Set out to explore Melbourne and you’ll find a multi-faceted city full of surprises. And with an explorer’s mind, you’ll uncover things mere tourists will almost certainly overlook. To get your adventurous juices flowing, start your journey at the vast Visitor Information Centre in Federation Square, that un-missable landmark right across from Flinders Street Station. You can book tours, buy tickets or just get maps for your own self-guided voyage of discovery.

Outside in Federation Square you’re just as likely to see street theatre, musicians or all manner of performance artists – and if you’re not careful, you may end up as part of the entertainment! Opened in 2002 to celebrate the nation’s coming of age, futuristic Federation Square offers a wide assortment of art, dining and entertainment options all ideally located. And if the clouds gather, there’s plenty to do indoors.

Australians, as you’ll find out, enjoy a special sense of humour and Melbourne is often teased about its varying weather. But in truth, a glorious sunny day in Autumn or Spring is no time to be hanging around inside and Melbournians and their guests can be found strolling the leafy banks of the Yarra, picnicking, cycling or enjoying one of the superb al fresco dining experiences along Southbank or any of the city streets.

If the classic river steamer passing under Princes Bridge looks inviting, why not give it a try? Climb aboard M.V. Grower, the river’s oldest working ferry, just in front of Southbank for a half- or one hour tour.

You just can’t get a bad coffee in Melbourne. Pull up a seat at any outdoor café and sit back for an hour and just soak up the atmosphere while you ponder an aromatic macchiato or dense restrito. Just like a good café, Melbourne offers way more than a simple cappuccino.

If you want to cover some ground in a short time, you can hire a bicycle at Federation Square and head down to the new docklands area on the western edge of the CBD; a recently redeveloped cityscape, transformed into a modern living space from grungy warehouses and wharfs. Even the locals are only starting to discover this new part of town. With the massive Telstra Dome, the new home of Aussie Rules football, as its centrepiece, the list of quality eateries, restaurants and cafes rolls on like the never-ending movie credits. Stop for a moment though and admire the Variety Australian Entertainers of the Century and Walk of Stars, where 100 plaques, a mosaic wall and bronze figures commemorate Australia’s finest entertainers.

Pedal northeast past the historic Flagstaff Gardens to the Queen Victoria Market. No matter where in the world you travel, the local outdoor markets will always give you an insight into the character of a city. The Queen Victoria Markets are Melbourne’s market and, in keeping with the outgoing flair of the city, often provide entertaining street theatre and music that can be as simple as talented buskers, right through to the lavish Opera in the Market with a lineup including Opera Australia’s Taryn Fiebig, tenor sensation Roy Best, and the international flautist Jane Rutter. Sunday’s the day.

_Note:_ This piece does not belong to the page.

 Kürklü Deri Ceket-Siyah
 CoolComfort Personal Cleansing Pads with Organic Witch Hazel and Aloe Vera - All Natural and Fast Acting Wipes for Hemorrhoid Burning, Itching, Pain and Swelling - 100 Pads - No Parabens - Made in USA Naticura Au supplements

Let’s do lunch – and where else but the thriving cosmopolitan and gastronomic centre of Melbourne; Lygon Street, Carlton. Nationally recognised for its wonderful diversity of cuisine, it is probably best known for fabulous Italian dining. The historic heartland of Melbourne’s Italian community, it’s the place where the city’s famous café culture was born – or so they say!

In Lygon Street, you’ll find pasta and pizza like you’ve never imagined. Such wonderfully evocative names such as Il Gusto, Il Fresco and Piccolo Mondo will greet you as you try to make a choice from the scores that line both sides of the street. Relax, you can’t choose a bad one.

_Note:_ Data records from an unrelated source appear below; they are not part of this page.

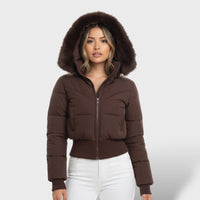 Women's Cropped Hooded Faux Fur Jacket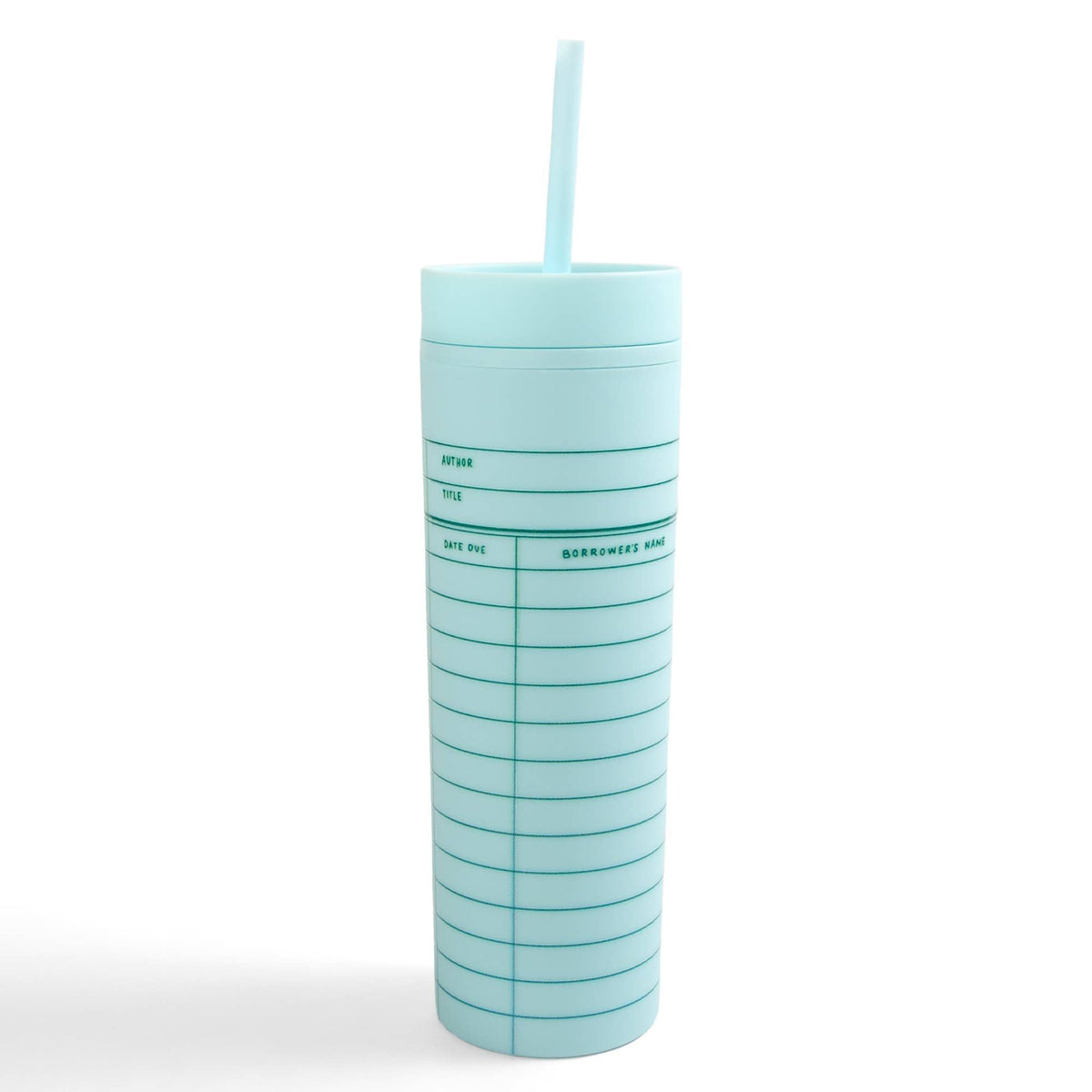 Sky Blue Library Card 16oz Tumbler BookGeek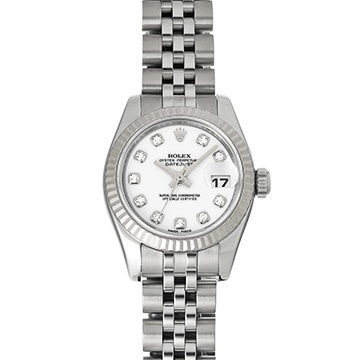 ロレックス デイトジャスト 179174G ホワイト/ダイヤモンド レディース 時計 【中古】【wristwatch】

After a satisfying repast and perhaps a vino, stroll or pedal across the few hundred metres to the magnificent Carlton Gardens and Melbourne Museum. Established in 1857, the classically-designed gardens are dominated by the imposing UNESCO World Heritage listed Royal Exhibition Building.

Following the garden trail, we can continue clockwise around the CBD to the expansive Fitzroy and Treasury Gardens with its superb conservatory and the relocated Cooks Cottage, brought out from Yorkshire in barrels and crates and reassembled in 1934 to commemorate the great navigator and discoverer.

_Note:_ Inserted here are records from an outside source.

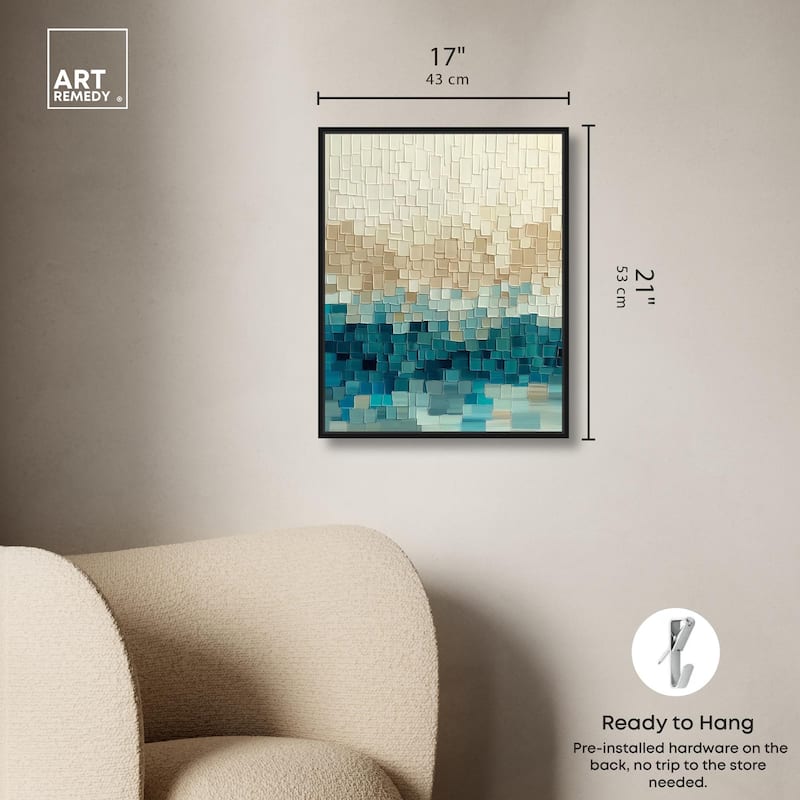 Pixelated Sea II Canvas by Art Remedy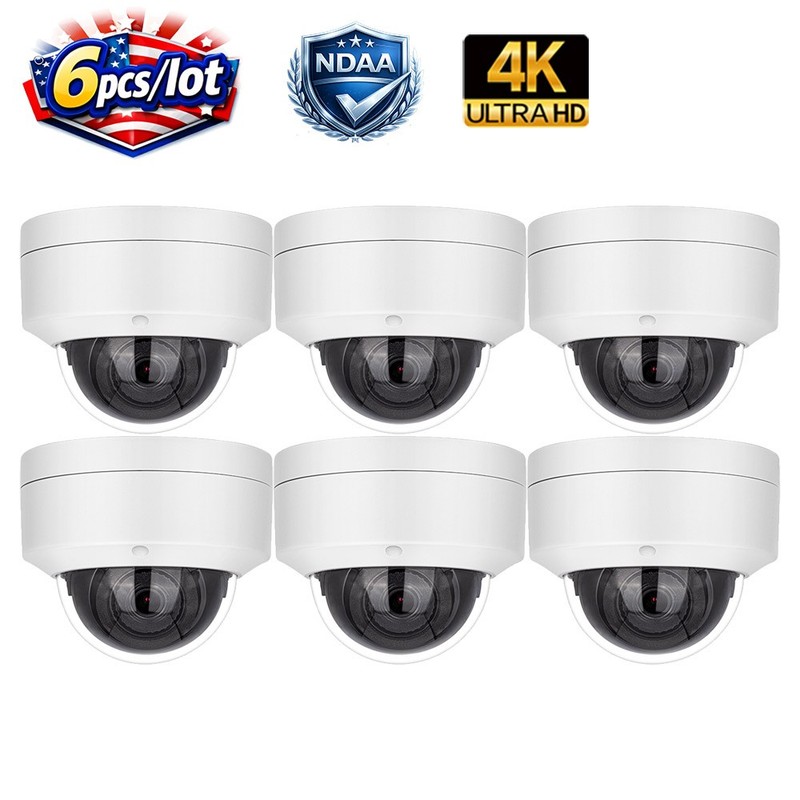 6pcs Vikylin 4k 8MP Security Dome IP Camera PoE MIC IR 30m CCTV NDAA compliant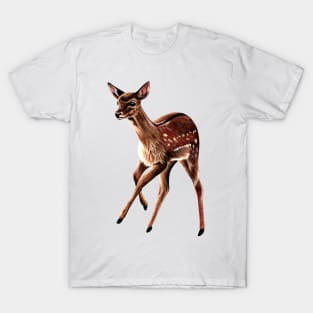 Baby fallow deer fawn ink and watercolour painting T-Shirt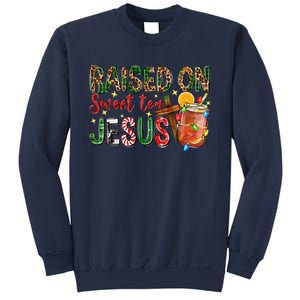 Raised On Sweet Tea Jesus Christmas Nativity Scene Christian Sweatshirt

Back in the city we can track down a few unusual and eclectic attractions. In summer, climb to the top of 252 Swanston Street, right in the heart of the city, and enjoy some al fresco shopping. That’s right, The Rooftop Market, is open from 11am until 3.30pm every Friday and is “chock-a-block” full of quirky and cute designer label like Aduki, Hamb, Gorman and Boy on a Bike. At night the space reverts to the Rooftop Cinema where you can relax in a deckchair and take in a classic with a drink from the bar.

Did I say bar? No-one goes thirsty in Melbourne and the cocktail bars and nightlife are an institution in Melbourne. Within the city, try a Manhattan at Madame Brussels, a Long Island Tea at The Order of Melbourne, or a Margarita at the Meccca Bah, Docklands. You’ll never run out of choice.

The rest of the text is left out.